To critics, they’re quasi-regulators who have too much power over the boardroom. A growing movement in Congress would require the firms to register with the SEC and allow companies to fact-check their ratings before they’re published. The firms and big investors are pushing back. Two players control 97% of the market:

  • Institutional Shareholder Services (ISS): Launched in 1985 as an entrepreneurial venture to help big investors manage the voting process, Rockville, Maryland-based ISS has grown into the 600-lb. global gorilla of the space. A thumbs-up or thumbs-down from ISS can influence up to 30% of the shareholder vote—more than enough to move the needle on a contested issue, or to produce an embarrassing outcome on a mundane election. ISS meets regularly with its institutional investor clients and is transparent about its expectations, publishing voluminous guidelines and policies to let boards know what it takes to win its support. In its latest push, the firm has threatened to recommend “no” votes against members of board nominating committees in 2020 if the board has no women directors. Critics complain that the benchmarks are overwhelming and too “check-the-box” in their approach, failing to take into account the nuances of a company’s unique situation. They say too many investors follow the recommendations blindly. An ISS recommendation can be overcome,  but it usually requires the board working overtime making its case to investors. ISS also makes money by selling separate advisory services that help boards and companies get good scores on its ratings—to many, a glaring conflict of interest that should be remedied by Congress. In recent years, both the House and Senate have considered bills that would regulate them.
  • Glass, Lewis & Co: The yin to ISS’s yang, San Francisco-based Glass Lewis is owned by two Canadian pension funds. It does not have a consulting arm and tries to separate itself from ISS as being more pure in pursuit of its original mission. But it faces many of the same criticisms as ISS about the opacity of its decision-making.

Government

From the Sarbanes-Oxley Act to Dodd-Frank, US lawmakers and regulators have spent much of the past two decades setting more (and tougher) requirements for boards, and there’s no reason to expect things will get easier going forward.

Regulators

The US Securities and Exchange Commission expects boards to play the role of management watchdog. That job includes everything from basic financial reporting and risk-management oversight to setting the right cultural “tone-at-the-top” to overseeing and monitoring cybersecurity efforts. In just the past year, it has issued dozens of orders penalizing companies for cybersecurity missteps.

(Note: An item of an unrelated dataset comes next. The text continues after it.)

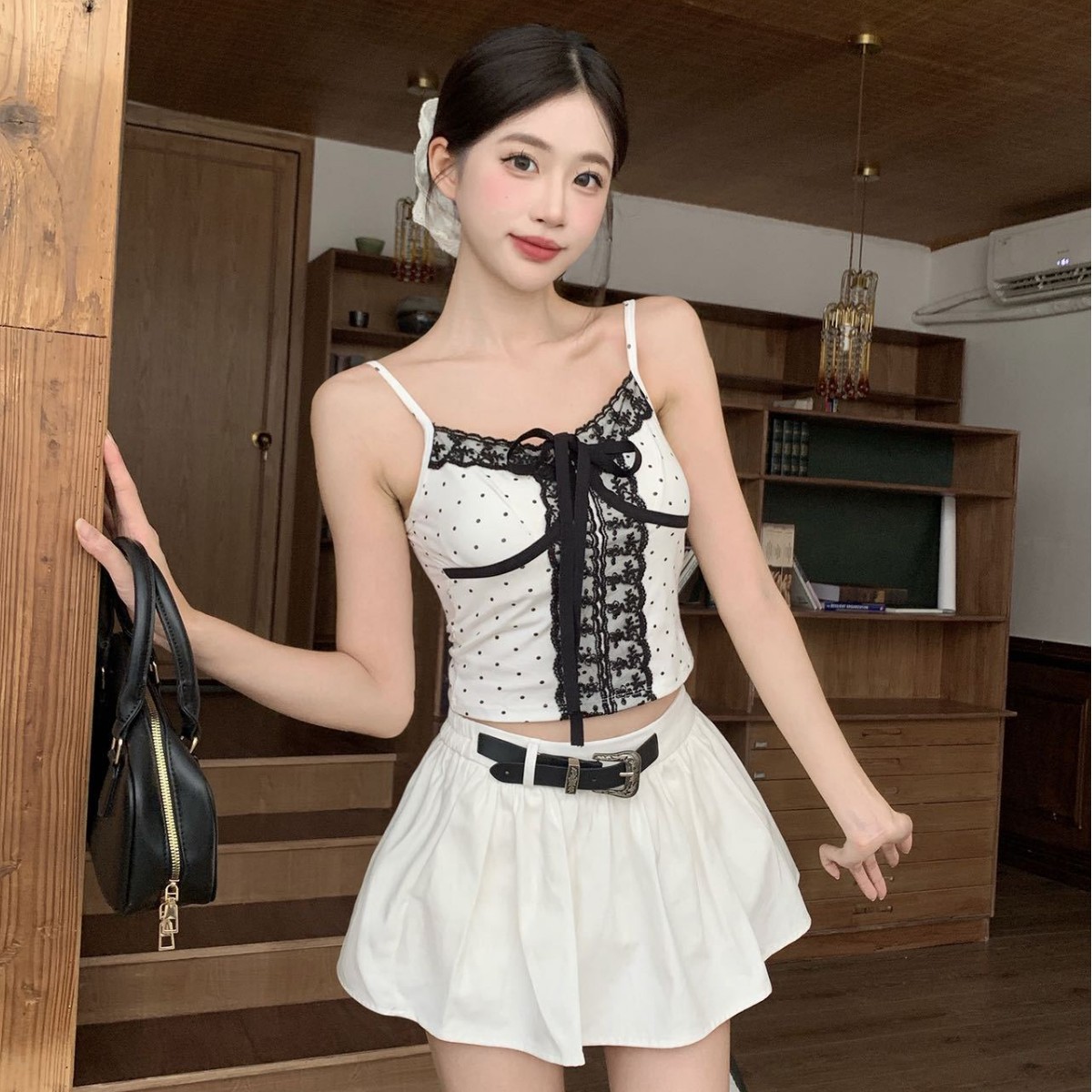 66023 #2025 verano nuevo sexy chica con cojín de pecho ondulado punto de encaje empalmado eslingas corta camisa mujer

Other regulatory agencies can get in on the action as well. In one notable example, the Federal Reserve Board, a banking regulator, imposed growth limits on Wells Fargo until the governance and risk-management processes deemed responsible for its phony-account scandal are fixed—and forced the Wells board to replace four directors.

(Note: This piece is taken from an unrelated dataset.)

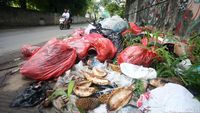 Jorok, Sampah Menumpuk di Pinggir Jalan Cikunir Bekasi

The same applies in virtually every other market, where governance codes and responsibilities are constantly being revised and updated.

Congress

Sarbanes-Oxley and Dodd-Frank set new standards for boardroom independence and accountability. A corporate failing can also lead to more direct lawmaker scrutiny of the board’s actions and response—especially if it involves the public. Wells Fargo’s phony-account scandal, Equifax’s data breach, and Mylan’s exorbitant price hikes on EpiPens all led to the top brass being hauled before a high-profile congressional committee.

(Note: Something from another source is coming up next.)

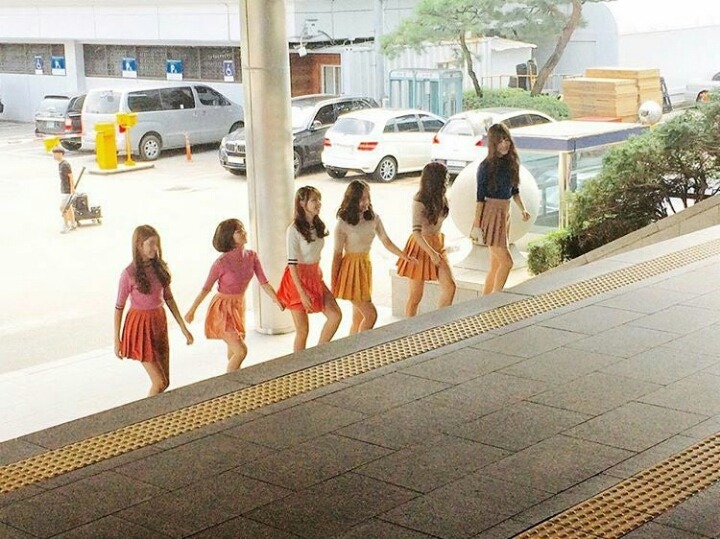 오늘자 뮤뱅 너 그리고 나 활동 마무리하는 여자친구 | 인스티즈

Don’t underestimate the power of political grandstanding when it comes to the board. The latest legislative effort—the Accountable Capitalism Act introduced last August by US senator Elizabeth Warren—would make all corporations with annual revenue of more than $1 billion subject to a federal governance regime. Among other things, the bill would mandate that at least 40% of directors be elected by employees and that boards consider the interests of all stakeholders—including employees, customers, suppliers, and communities—not just shareholders.

State legislatures

State legislatures are getting in on the act as well. In one of the more noteworthy efforts, California in 2018 passed a law requiring that all boards of public companies headquartered in the state include at least one woman.